As someone who owns a Cal Trimmer, I agree that a used greens mower seems better than a new Cal Trimmer. I have heard good things about the Tru-Cut but I've never used one. I'm waiting for the money for a Swardman but by the time I ready, there may be used ones on the market.


----------



## crussell (Mar 12, 2018)

Hell the light kit, transport wheels, and catcher are almost worth as much as the mower!

I used a McLane for one season, and let me tell you I have never looked back since switching to a greens mower.

The JD looks good - That kinda-rusty bar in front of the reel should be very easy to take off and shoot with some JD Green spray paint, at least it was on my 260B, maybe not on the SL. The surface rust on the reel will go away as soon as they sharpen the reel.

Just my $0.02


----------



## Shindoman (Apr 22, 2018)

I have a Caltrimmer. I've never used a greens mower but I can tell you that The Caltrimmer is bear to deal with turning at the end of a row. it's a machine that was designed in the 1940's and hasn't changed much since then. You can tell. I have a new reel mower on the way to replace it.


----------



## Mightyquinn (Jan 31, 2017)

I'll add my .02 

I originally bought a brand new TruCut C-25 10 blade and used it for about 4 years and even though that was a major upgrade over a rotary mower, once I got my Baroness LM56 Greens mower it was like night and day difference between that and the TruCut in terms of build quality and cut quality and not to mention how easy it is to make any needed adjustments. With what you are willing to spend, you can't go wrong with getting a nicely used greens mower. I think the only downside is having the transport axles sticking out which can inhibit getting close to fences and other objects but those negatives can be mitigated fairly easily.


----------



## SGrabs33 (Feb 13, 2017)

Ware said:


> Yeah, I would say quality of cut, build quality, and ease of adjustment for things like reel to bedknife.
> 
> My only homeowner reel experience is with a Tru-Cut and the Swardman, but you might talk with SGrabs33 about the three you are considering - I think he has used all of those.


Thanks @Ware

Yep, I've owned all of the standard homeowner REELs and they all have their benefits/drawbacks when you compare them to each other. Unfortunately I can not compare them to a greensmower becasue I haven't used one before. I have a slope in my front yard that would make a greensmower impossible to use. Happy to discuss any details of the three standard homeowner brands if you have any questions.


----------



## crussell (Mar 12, 2018)

Shindoman said:


> I have a Caltrimmer. I've never used a greens mower but I can tell you that The Caltrimmer is bear to deal with turning at the end of a row. it's a machine that was designed in the 1940's and hasn't changed much since then. You can tell. I have a new reel mower on the way to replace it.

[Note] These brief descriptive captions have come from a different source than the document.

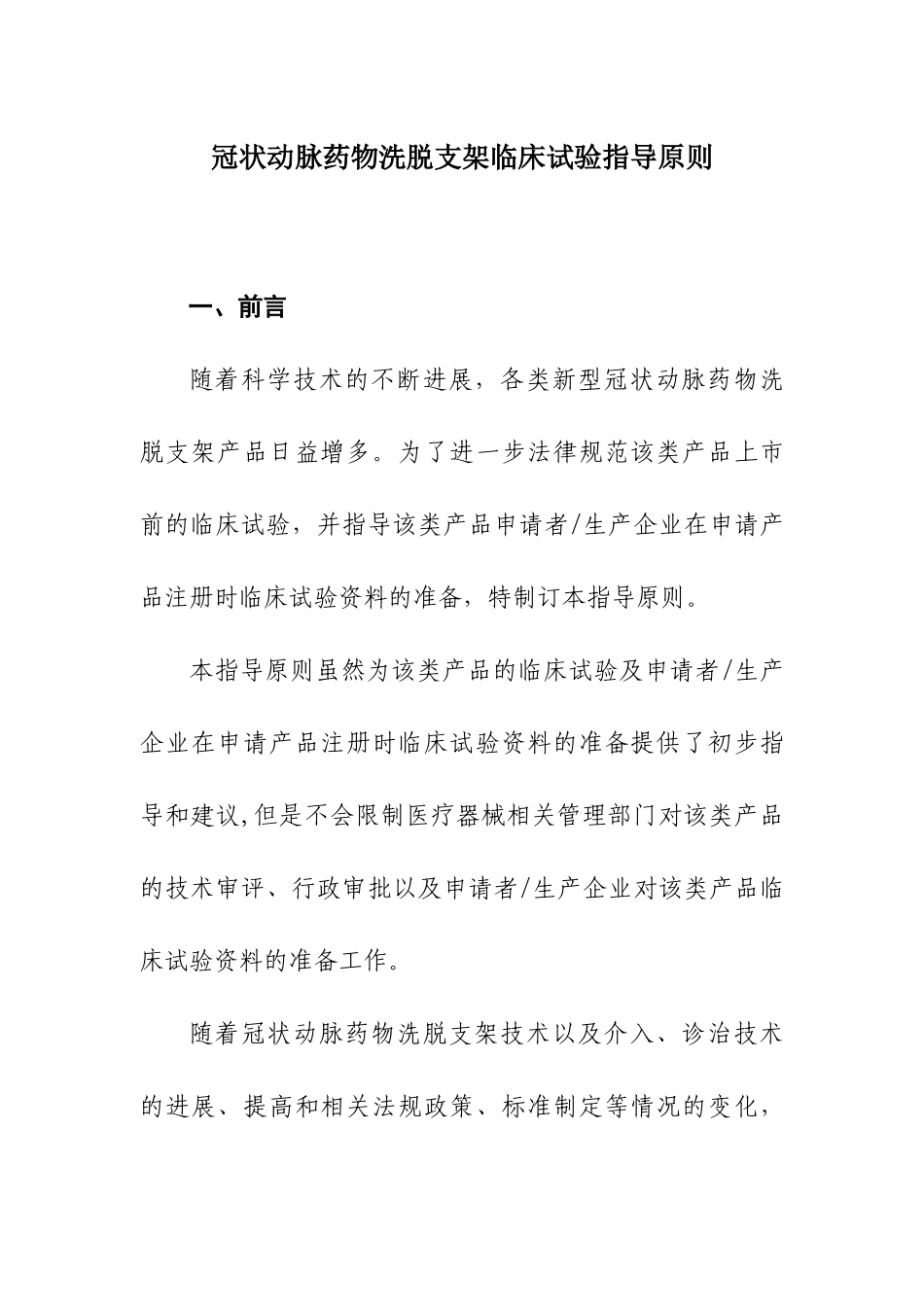 冠状动脉药物洗脱支架临床试验指导原则_第1页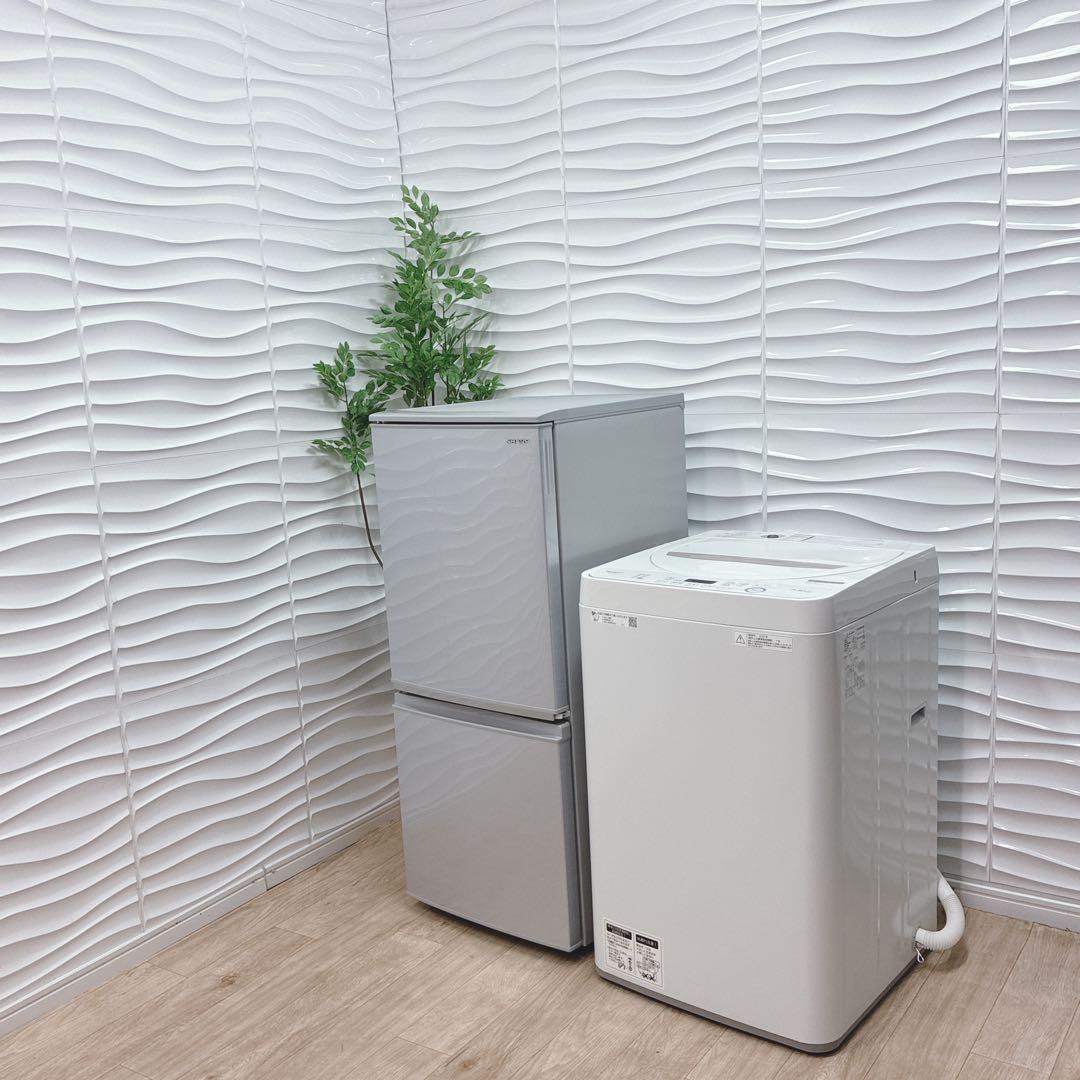 大阪府 神戸市 配達料無料！◇5ヶ月保証！◇シャープ冷蔵庫＆洗濯機◇2020年製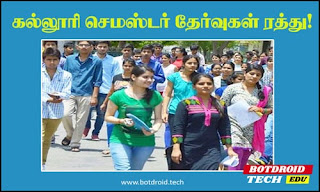 TN College Semester Exam cancelled in Tamilnadu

Curious minds want to know what have coming?!?


----------



## Ware (Jan 28, 2017)

crussell said:


> Shindoman said:
> 
> 
> > I have a Caltrimmer. I've never used a greens mower but I can tell you that The Caltrimmer is bear to deal with turning at the end of a row. it's a machine that was designed in the 1940's and hasn't changed much since then. You can tell. I have a new reel mower on the way to replace it.
> ...


The suspense is building. He dropped this one on us last week.


----------



## Shindoman (Apr 22, 2018)

I'll let the suspense build further.  It shipped today. Should be here mid next week.


----------



## walk1355 (May 31, 2018)

As a recent purveyor of some used John Deere greensmowers, I think $1350 shipped is a solid price for a 220SL. You are paying about $1000 for the mower and $300ish to have it shipped to you.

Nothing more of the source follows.